In my next life, perhaps I will be long and lithe, like a model. Hope so. Maybe I shouldn't wish that. With my luck, I'll probably come back as a giraffe. Oh well, giraffes are rad.
Anyway, when I glanced up at the Showbox marquee, some unknown band was listed to play that night, but when I investigated further, I found out that it was really Pearl Jam. Apparently, they had planned some small, secret, hometown show to warm up for their No Code tour; the kickoff first gig was scheduled soon at the Key Arena.
Standing in the rain the entire day, I waited in line, and I befriended Jamie, a super-obsessed fan like me. Unfortunately, right when I reached the door...literally, right after the person in front of me went in, the management cut off the tickets. I tried to bust through, but no luck. Man, I felt absolutely broken. That sneaky bastard Jamie did get in, but before he left, he turned around, smiled, and handed me a free ticket to the Key Arena show. Jamie, you rocked, man.
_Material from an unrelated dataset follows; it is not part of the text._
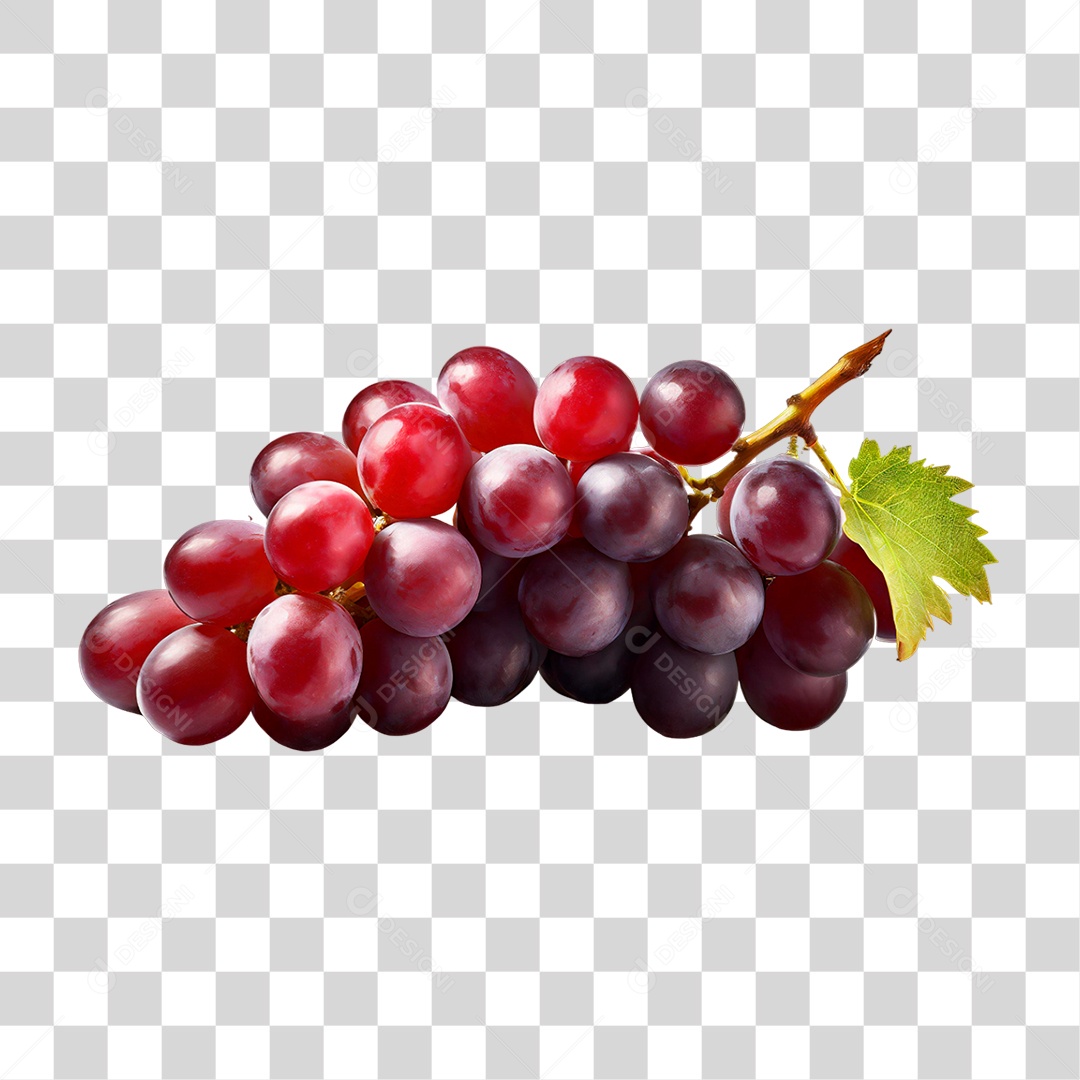 Cacho de Uva PNG Transparente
I always went to Pearl Jam shows alone. Actually, I went to most shows alone. At the Key Arena, my seat was close, but it wasn't on the floor, and I couldn't stand to be away from the action. So at a certain moment when the lights flashed, I hopped over rows of chairs, one by one. Sometimes it paid to be small. I was quick and smooth. Then I leaped over a few railings and at some point, when the bouncer was chasing me, I ended up on the floor, and I lost him in the madness. Then I started crowd surfing, and I ended up right in front of the stage.
It was a lot of sweaty work, but I was there.
When I was surfing, I landed on the stage, and my head hit Vedder’s boot. I left a poem there. For some reason, at the time, I always wanted to be his best friend. I guess I thought, I bet that guy would 'get' me. And I didn't have any close friends, so I sure needed one.
Then I landed in the bouncer's arms, and the Seattle security was pretty laid back. If the bouncers caught people, they'd even help some sneak back up front. And in that city, people were respectful in the pits. They helped me up. If I fell, people grabbed me, lifting me back to life, keeping me safe.
It was chaotic, yes, but at the roots of this crazed grunge world, in the place where it began, there existed a certain element of respect and care. But this "feel of respect" didn't necessarily carry over to other shows. In some cities, people were oblivious to safety, and they were mean dogs, and they didn’t care if anyone around lived or died.
Truly, the sound was magnificent that night. In Seattle, they knew how to get things done, for sure. Probably the best Pearl Jam show I ever saw, besides Louisville Gardens, which was rough sound-wise, but it was brilliantly gritty and general admission. Then of course there was Lollapalooza 1992, when Vedder climbed all over the Pavilion and got in trouble with security. All I thought was this: I like it.
After that Key Arena show, Pearl Jam was on tour, and I decided I needed to be on tour as well. Really, I was broke, stressed out, depressed, hungover all the time, lost, and I needed to head back east, back home, to recover, but I was in denial about all of that. Instead, I told people I was following Pearl Jam.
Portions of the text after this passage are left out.